A good day, as I was able to do some essential compost management and have a good meeting after lunch.
I got up at a reasonable time, as Gill got back from taking the kids to school and after spending some time with her, went down to a 'New Zealand Bin' pallet-based composter in the corner of the garden, constructed last autumn as a 'sit and wait' compost heap. I had been given a broken cane and wicker chair to recycle so I put it in this container and put biodegradables all around it. Today I dug this out and put the mostly rotted materials in the octagonal composter put up a few days ago. The chair had rotted apart and was now more manageable, all the wickerwork had rotted off and the legs and framework was easy to pull apart. I'll dry these off and use them to heat bathwater on the stove.
Some of the sit and wait fruit and cardboard had 'mummified' in the bottom of the pile, and was still recognisable as oranges, pineapples and grapes. This is because of its acidity and the fact that it had become rapidly anaerobic under the other materials piled on top. However this is why the compost pile must be turned at least once, as the mixing with other materials, addition of air and breaking apart of compressed layers results in a complete composting. The heap had lots of worms in some of the materials, and the turning and mixing will allow them to work the rest of the heap. Digging out a compost heap is a bit like archaeology, as items can still be recognisable. This one also had an old wooly jumper not yet gone, and of course I remove the inevitable non-biodegradable items, mainly plastic milk bottle tops, which had got in with coffee grounds from Starbucks who give me sacks full of spent grounds and tissue paper towels... with some plastic lids.
All the time I was doing this (about 90 minutes) I had the company of robins, who love the little beasties that I uncover. I expect they have young in the nest somewhere.
I also did some riddling of finished compost, using a sheet of chicken wire mounted on a wooden frame. This seperates the fine crumb from the larger sticks and materials for recomposting. This fine material is used as part of my container compost, mixed with loam and leafmold, and the larger materials are a good mulch for putting on top of soil that Im going to plant vegetables in, or for around permanent plantings like raspberries and fruit trees.
When I wash my hands back at the house, I run perhaps a litre of tap water and use a scrubbing brush to get off most of the garden soil/compost. This composty water I scoop up with a pair of tin cans I keep for this purpose and I water the houseplants with it. This means I don't need to purchase pot-plant feed as this water is nutrient-rich.
Lunch was the usual pile of sandwiches and then a zoom down to the centre of York to meet up with Tim Waudby from the Council's children's services department, regarding the Green Festival and the provision of activities for children and families.
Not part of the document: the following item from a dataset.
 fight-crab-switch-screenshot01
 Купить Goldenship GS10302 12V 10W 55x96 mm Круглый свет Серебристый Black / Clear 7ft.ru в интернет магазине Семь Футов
He was so helpful, and offered to let all the Out Of School Clubs know about the event, invite them to provide activities and co-ordinate that side of the event. This is excellent news. They also have a marquee, and he is fully up to date with police checks, risk assessments and public liability needs. I'm very happy about this. He seemed to be too as he has to provide childrens activities and he was keen to tie these into the green/sustainability agenda of the day. So we were both happy.
I collected my usual 'ethical supermarket' recyclables and also two sacks worth from the Heslington Road shop, more fuel for my hot heaps!
Home in good time to go and pick up the kids. There was some bad behaviour when they got home, so I stayed around to provide a back-up for Gill. CENSORED His behaviour at school isn't bad. This doesn't make it any easier, but if Gill calls me for help, their behaviour often cools down without need for actual intervention. My presence is enough. They know that I will wade in and make the wrong-doer go to their room and give them a talking to.
A sad email this evening from one of my CrUST colleagues Mark, who says he wants to concentrate on his volunteering for York Credit Union and leave CrUST. This is a blow as he has been good to work with.
My good buddy Simon popped in during the evening and helped me uninstall some unwanted software which he said was slowing my laptop down, stuff I'd never used but was running. Nice one Simon!